How Does Heisenberg's Matrix Mechanics Relate to Dirac's Notation?

[Sophrosyne]

I have been trying to read about Heisenberg's matrix mechanics on my own, and I am getting hopelessly lost. I understand it has something to do with anharmonic oscillators. I am no physicist, so please take it easy with the explanations.
Also, I read somewhere that these, along with Max Born's formulation of them into Matrix form, which were the inspiration for Dirac's notation later. Is there a relationship between the two?

 

[Mentz114]

You are on the wrong track. This wiki article is OK.

https://en.wikipedia.org/wiki/Matrix_mechanics

"Matrix mechanics was the first conceptually autonomous and logically consistent formulation of quantum mechanics."

 

[bhobba]

Also, I read somewhere that these, along with Max Born's formulation of them into Matrix form, which were the inspiration for Dirac's notation later. Is there a relationship between the two?

Of course.

And its easy in the Dirac notation, but without the math forget it.

The fundamental thing is given an orthonormal basis |bi> Σ|bi><bi| = 1.

Now one of the foundational axioms of QM is given any observable you can find a Hermitian operator O whose eigenvalues yi are the possible outcomes of the observation.

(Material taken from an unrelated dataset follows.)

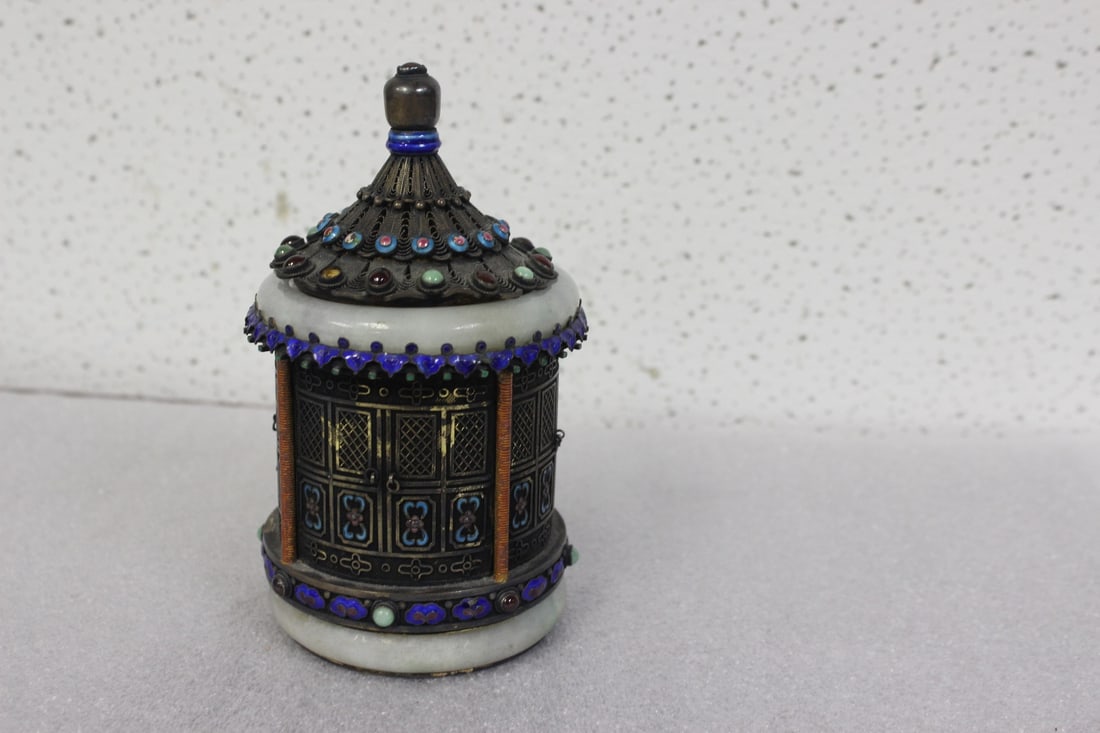 An Antique Chinese Silver and Jade Tea Caddy: 6 inches tall - please note" two stones are missing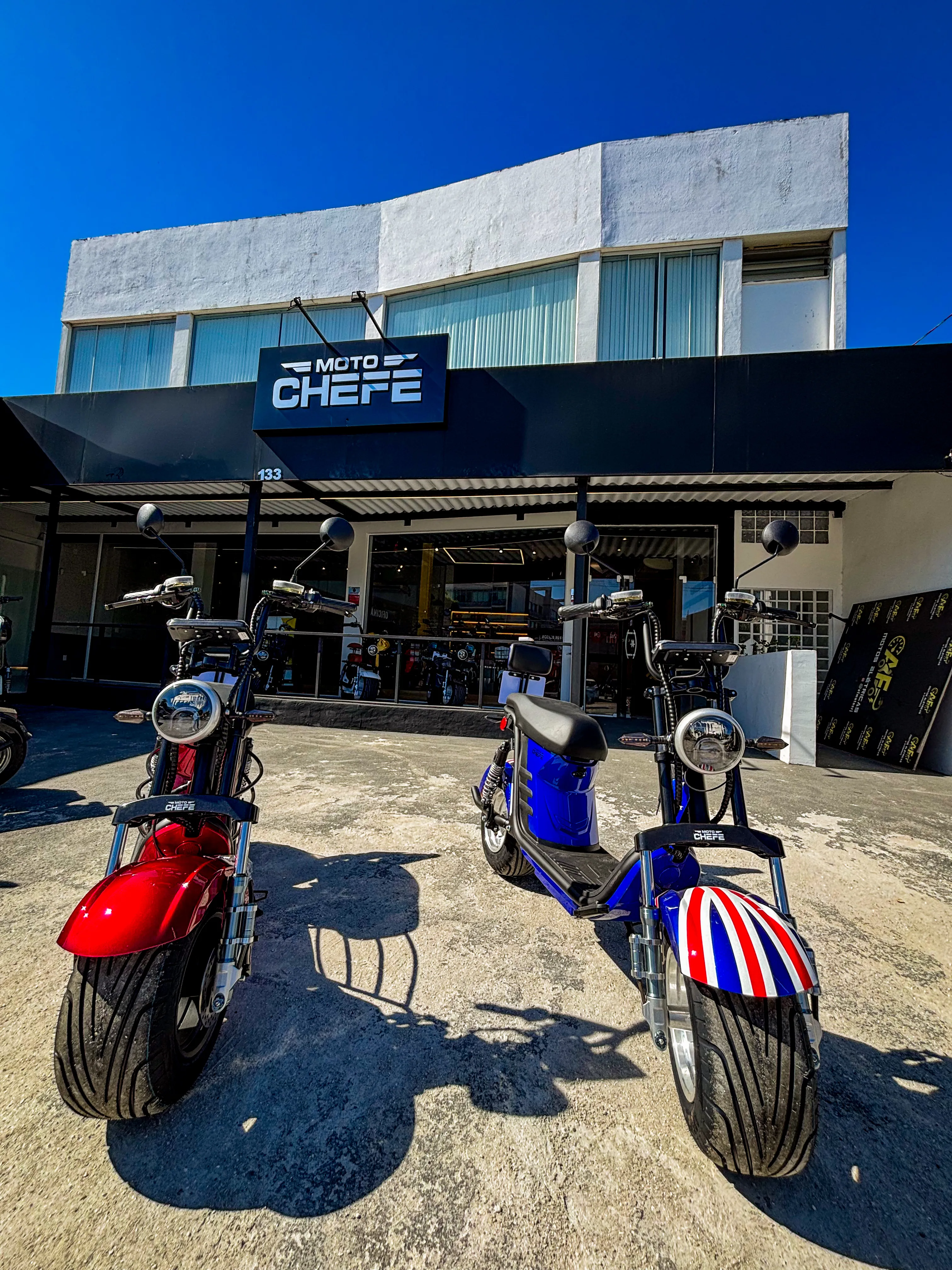 Três scooters elétricos na fachada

Now associated with any eigenvalue yi is an eigenvector |bi> and it turns out they form an orthonormal basis (there are a few subtleties - but that is pretty much it). Just as an aside its really the only axiom - but that is a whole new thread where the beautiful Gleason's theorem is discussed.

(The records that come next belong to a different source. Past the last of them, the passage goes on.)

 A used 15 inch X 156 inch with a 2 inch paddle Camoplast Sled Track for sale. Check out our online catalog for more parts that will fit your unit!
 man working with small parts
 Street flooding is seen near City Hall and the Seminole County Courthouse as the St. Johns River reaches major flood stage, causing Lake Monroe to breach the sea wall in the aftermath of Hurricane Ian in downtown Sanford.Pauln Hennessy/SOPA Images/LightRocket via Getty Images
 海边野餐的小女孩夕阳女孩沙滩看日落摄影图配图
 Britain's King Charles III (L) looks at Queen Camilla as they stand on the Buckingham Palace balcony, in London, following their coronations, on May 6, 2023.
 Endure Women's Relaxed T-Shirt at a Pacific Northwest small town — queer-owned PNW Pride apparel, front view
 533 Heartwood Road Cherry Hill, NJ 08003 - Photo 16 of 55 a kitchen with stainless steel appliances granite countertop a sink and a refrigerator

So here is what happens. You simply insert Σ|bi><bi| = 1 twice - O = Σ|bi><bi| O Σ|bj><bj| = ΣΣ|bi><bi|O|bj><bj| = ΣΣ<bi|O|bj>|bi><bj|. <bi|O|bj> is called the matrix representation of O and it turns out for eigenvectors is diagonal.

If the above is gobbly-gook then I am sorry - there is no out - you must learn the math:
http://quantum.phys.cmu.edu/CQT/chaps/cqt03.pdf

Thanks
Bill